Karfreitag

 

 

 

Wieder mal ein ordentliches Ärgernis wegen eines Märchens, an das ich nicht glaube.

 

 

 



Für mich beginnt meine Marktsaison am Osterwochenende.  Da nämlich findet der schöne Mittelaltermarkt auf der Loreley statt. 

Wem die Abläufe unbekannt sind, hier eine  Kurzfassung, wie das für Händler , Gastro und Schausteller ungefähr ausschaut:

  • Einen Tag vor Beginn eines Marktes reist man meistens an, damit man genügend Zeit zum Aufbauen hat. Eine Ausnahme wäre, wenn ein Markt erst am späten Nachmittag beginnt, denn in solchen Fällen bleibt genügend Zeit zum Aufbau für einen nicht allzu großen Stand.
  • Man versteht nicht nur die Marktbeschicker, die sich Streß ersparen wollen,  sondern auch die Veranstalter, die im Normalfall darauf bestehen, dass, wenn Marktbeginn vormittags ist, am VORTAG aufgebaut werden MUSS.
  • Das Chaos wäre einfach zu groß und zu viele würden es zeitmäßig nicht schaffen.
  • Wenn man viele Kilometer zu einem Markt hat, lohnt es sich weder zeitmäßig noch finanziell, jeden Abend heimzufahren, und man übernachtet in seinem Marktstand oder auf dem Händlerparkplatz in seinem Auto, bzw. Bus. 


Der  Markt, den ich oben erwähnt habe, beginnt am Osterwochenende Samstag vormittags.  Das heißt also, wie oben beschrieben: Aufbau am Vortag. Für mich und die meisten anderen Marktbeschicker kommt es nicht in Frage, jeden Abend nach Hause zu fahren. Es werden sicherlich genügend dabei ein, die mehrere hundert Kilometer fahren - bei mir  sind es wohl  nur siebzig oder achtzig,  aber das wäre für mich schlicht zu teuer. Außerdem liebt man ja auch die Atmosphäre und verzichtet gerne auf das gemütliche Bett zu Hause - im Normalfall!

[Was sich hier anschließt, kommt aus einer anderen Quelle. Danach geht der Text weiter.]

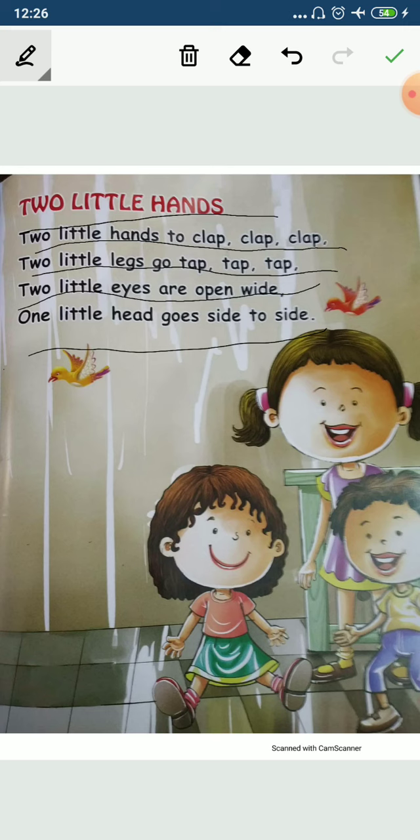Okay, very easy rhyme. So all of you learn it very quickly. Okay. We'll meet again — till then, bye-bye. See you again.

Aber hier gestaltet sich das Ganze schon fast geschäftsschädigend, denn an Karfreitag darf schließlich nicht gearbeitet werden!
Unser Veranstalter ist also gezwungen, uns (und auch sich selbst) als Aufbautag  schon den Donnerstag aufzubürden. Tatsächlich müssen sowohl die Marktbeschicker als auch das Team  der Veranstalter selbst einen ganzen Tag vorher anreisen, aufbauen, und an Karfreitag den ganzen Tag herumsitzen!

 

Ja, und das hoch oben auf der Loreley, wo unsere Arbeitsgeräusche sicherlich für einen frommen Christen weniger zu hören sind als für einen Atheisten das allsonntägliche Gebimmel der Kirchenglocken!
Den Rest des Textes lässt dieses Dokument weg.